ThinkProgress recently noted that Politico failed to fact check right-leaning pollster Scott Rasmussen’s false claim that he “has never been a campaign pollster or consultant for candidates seeking office.” Yesterday, Rupert Murdoch’s Wall Street Journal fell for the same trap, publishing an op-ed by Democratic pollsters — and Fox News contributors — Pat Caddell and Doug Schoen about the “virulent attacks from left-wing bloggers” against Rasmussen:
The reaction against him has been strident and harsh. He’s been called an adjunct of the Republican Party when in fact he has never worked for any political party. Nor has he consulted with any candidates seeking elective office.
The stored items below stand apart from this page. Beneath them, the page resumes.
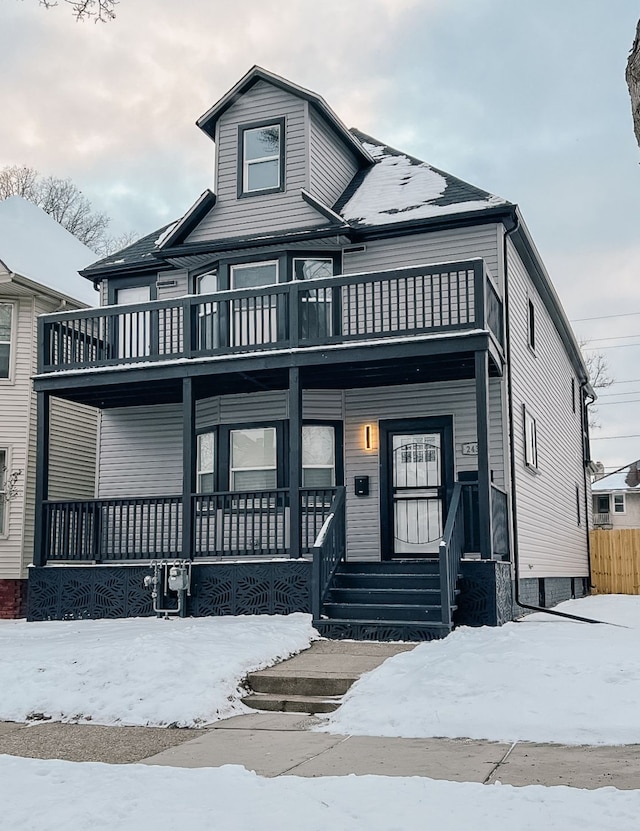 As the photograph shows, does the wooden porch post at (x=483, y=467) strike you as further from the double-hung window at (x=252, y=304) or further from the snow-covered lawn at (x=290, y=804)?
the snow-covered lawn at (x=290, y=804)

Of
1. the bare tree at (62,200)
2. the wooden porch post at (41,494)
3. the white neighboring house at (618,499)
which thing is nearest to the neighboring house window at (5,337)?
→ the wooden porch post at (41,494)

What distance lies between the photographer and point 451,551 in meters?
11.3

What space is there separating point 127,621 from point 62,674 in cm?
396

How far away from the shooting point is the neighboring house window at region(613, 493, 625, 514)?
5388 cm

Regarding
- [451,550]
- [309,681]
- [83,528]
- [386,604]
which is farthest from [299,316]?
[309,681]

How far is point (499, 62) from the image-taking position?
13633 millimetres

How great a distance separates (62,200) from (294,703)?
1297 inches

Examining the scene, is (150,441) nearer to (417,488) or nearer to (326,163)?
(417,488)

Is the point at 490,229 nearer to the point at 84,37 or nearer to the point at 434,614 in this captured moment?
the point at 434,614

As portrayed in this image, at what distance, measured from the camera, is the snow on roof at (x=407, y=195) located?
14570mm

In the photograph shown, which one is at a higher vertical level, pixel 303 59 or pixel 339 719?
pixel 303 59

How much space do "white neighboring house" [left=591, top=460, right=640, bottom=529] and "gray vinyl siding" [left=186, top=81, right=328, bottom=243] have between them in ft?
135

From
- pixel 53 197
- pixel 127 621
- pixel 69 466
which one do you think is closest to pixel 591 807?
pixel 127 621

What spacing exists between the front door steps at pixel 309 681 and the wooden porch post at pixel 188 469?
3.82m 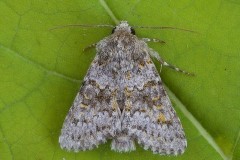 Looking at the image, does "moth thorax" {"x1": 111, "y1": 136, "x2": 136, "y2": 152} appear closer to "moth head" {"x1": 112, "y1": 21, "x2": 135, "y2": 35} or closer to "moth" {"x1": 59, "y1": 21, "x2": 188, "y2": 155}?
"moth" {"x1": 59, "y1": 21, "x2": 188, "y2": 155}

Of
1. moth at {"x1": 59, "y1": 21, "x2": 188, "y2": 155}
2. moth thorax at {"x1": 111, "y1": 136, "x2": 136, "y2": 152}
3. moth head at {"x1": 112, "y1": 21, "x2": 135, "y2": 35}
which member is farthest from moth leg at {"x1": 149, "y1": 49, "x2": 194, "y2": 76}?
moth thorax at {"x1": 111, "y1": 136, "x2": 136, "y2": 152}

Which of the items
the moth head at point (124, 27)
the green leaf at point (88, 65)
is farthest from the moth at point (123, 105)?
the green leaf at point (88, 65)

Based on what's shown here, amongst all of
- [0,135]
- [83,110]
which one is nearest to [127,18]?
[83,110]

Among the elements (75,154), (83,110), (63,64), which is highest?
(63,64)

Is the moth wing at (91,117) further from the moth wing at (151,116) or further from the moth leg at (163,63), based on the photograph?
the moth leg at (163,63)

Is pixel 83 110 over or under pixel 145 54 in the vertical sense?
under

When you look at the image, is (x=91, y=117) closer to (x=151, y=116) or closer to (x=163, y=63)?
(x=151, y=116)

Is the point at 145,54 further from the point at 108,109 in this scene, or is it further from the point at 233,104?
the point at 233,104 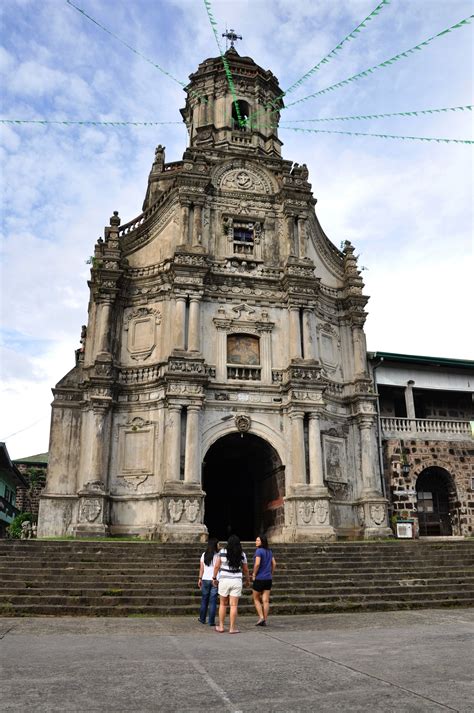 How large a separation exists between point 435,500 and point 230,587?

The attacks on Rasmussen and Gallup follow an effort by the White House to wage war on Fox News and to brand it, as former White House Director of Communications Anita Dunn did, as “not a real news organization.” The move backfired; in time, other news organizations rallied around Fox News. But the message was clear: criticize the White House at your peril.
The falsity comes from Rasmussen’s official bio. But according to the non-partisan Center for Public Integrity, Rasmussen has in fact been a paid consultant for the RNC and President Bush’s 2004 campaign. He accepted $95,500 and $45,500 from each, respectively, for “survey research.” Also, as Media Matters points out, The Wall Street Journal “failed to identify Caddell and Schoen as Fox News contributors, despite their defense of the network.” Nate Silver has more here on Rasmussen’s polling techniques.